**The task:**
Exactly reproduce the entries, dropping any pictures from your copy.

Captioned web image data
****************************************

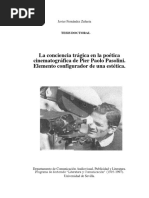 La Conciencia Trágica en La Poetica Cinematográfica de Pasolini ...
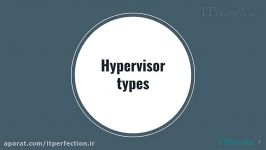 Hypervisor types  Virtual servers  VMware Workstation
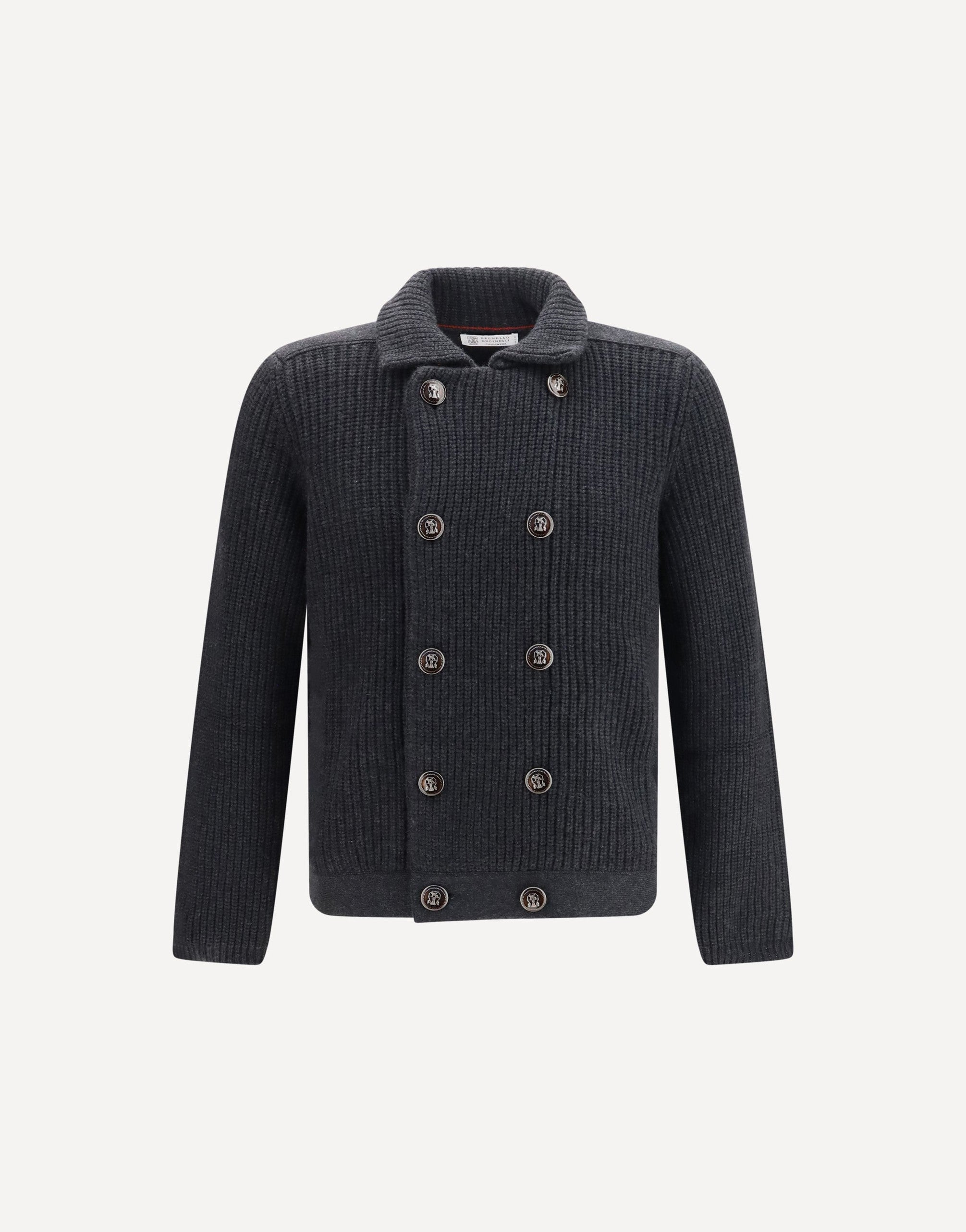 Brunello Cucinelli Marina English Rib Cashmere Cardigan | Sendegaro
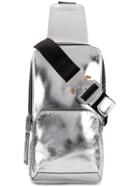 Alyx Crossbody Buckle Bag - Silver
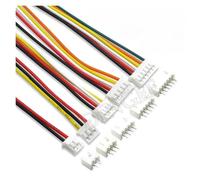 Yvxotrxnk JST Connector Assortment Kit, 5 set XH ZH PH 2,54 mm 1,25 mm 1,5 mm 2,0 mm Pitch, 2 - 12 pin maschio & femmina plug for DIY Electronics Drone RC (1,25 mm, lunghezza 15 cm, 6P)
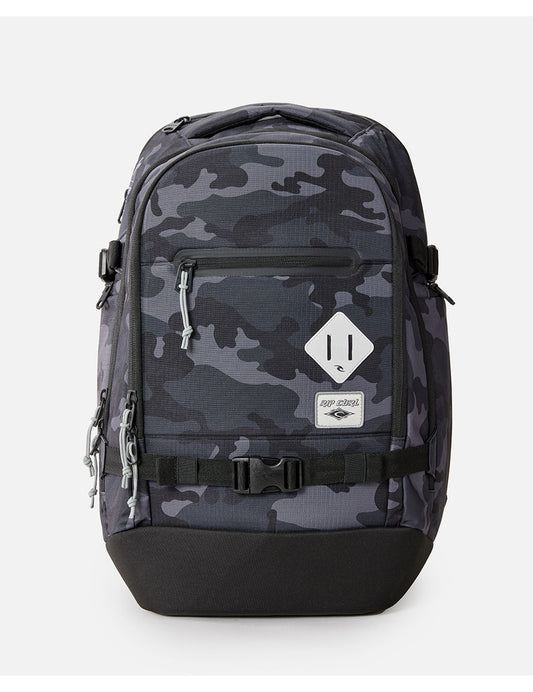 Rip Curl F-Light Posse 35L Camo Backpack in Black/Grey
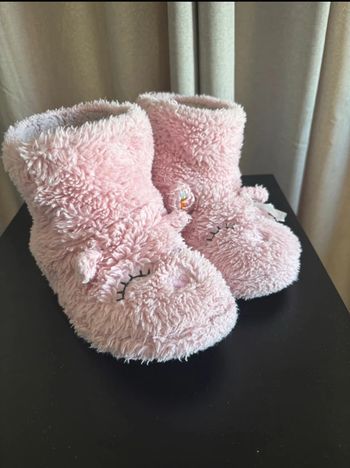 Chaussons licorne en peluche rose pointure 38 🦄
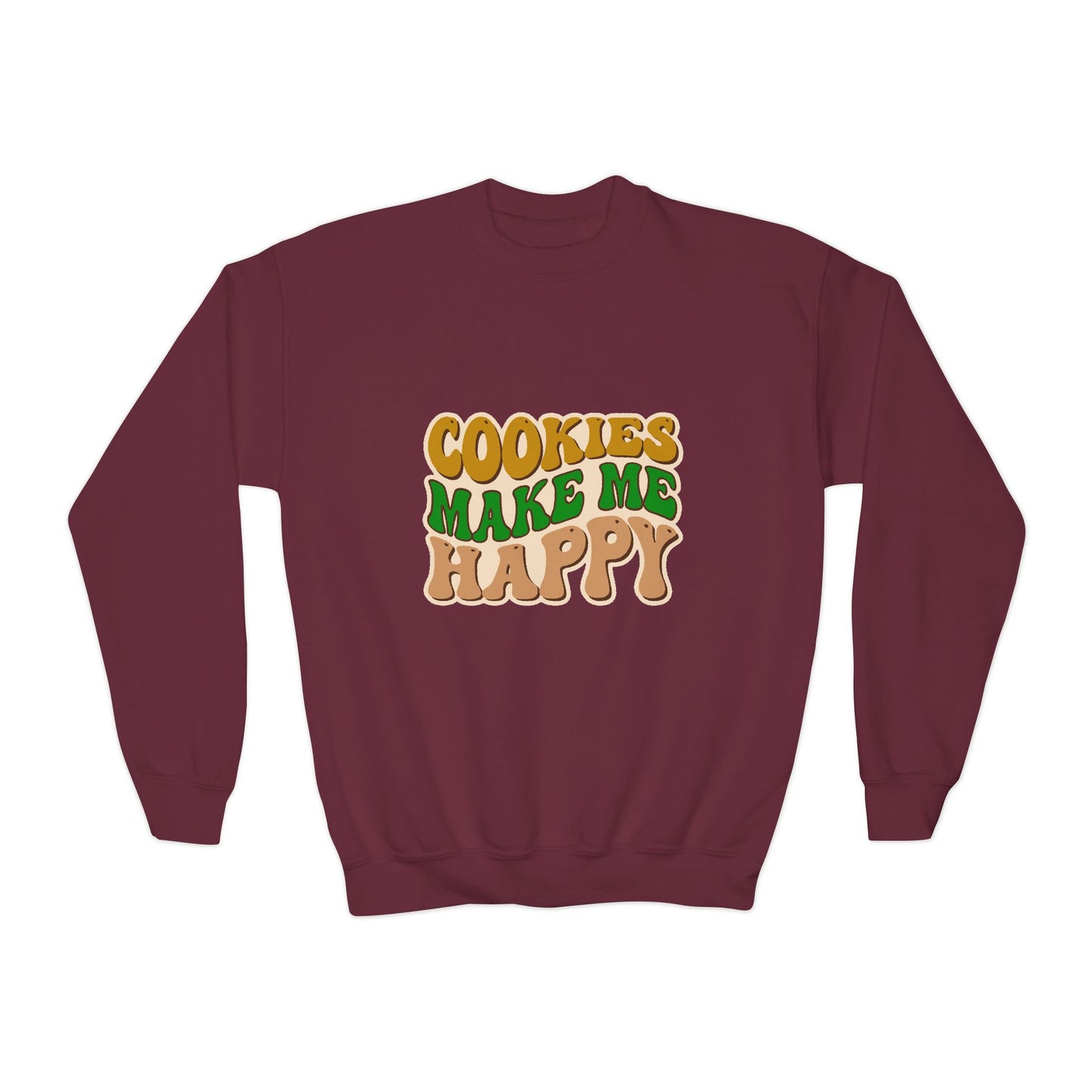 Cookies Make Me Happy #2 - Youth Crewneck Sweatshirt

****************************************

**Solution:**
 La Conciencia Trágica en La Poetica Cinematográfica de Pasolini ...
 Hypervisor types  Virtual servers  VMware Workstation
 Brunello Cucinelli Marina English Rib Cashmere Cardigan | Sendegaro
 Alyx Crossbody Buckle Bag - Silver
 Yvxotrxnk JST Connector Assortment Kit, 5 set XH ZH PH 2,54 mm 1,25 mm 1,5 mm 2,0 mm Pitch, 2 - 12 pin maschio & femmina plug for DIY Electronics Drone RC (1,25 mm, lunghezza 15 cm, 6P)
 Rip Curl F-Light Posse 35L Camo Backpack in Black/Grey
 Chaussons licorne en peluche rose pointure 38 🦄
 Cookies Make Me Happy #2 - Youth Crewneck Sweatshirt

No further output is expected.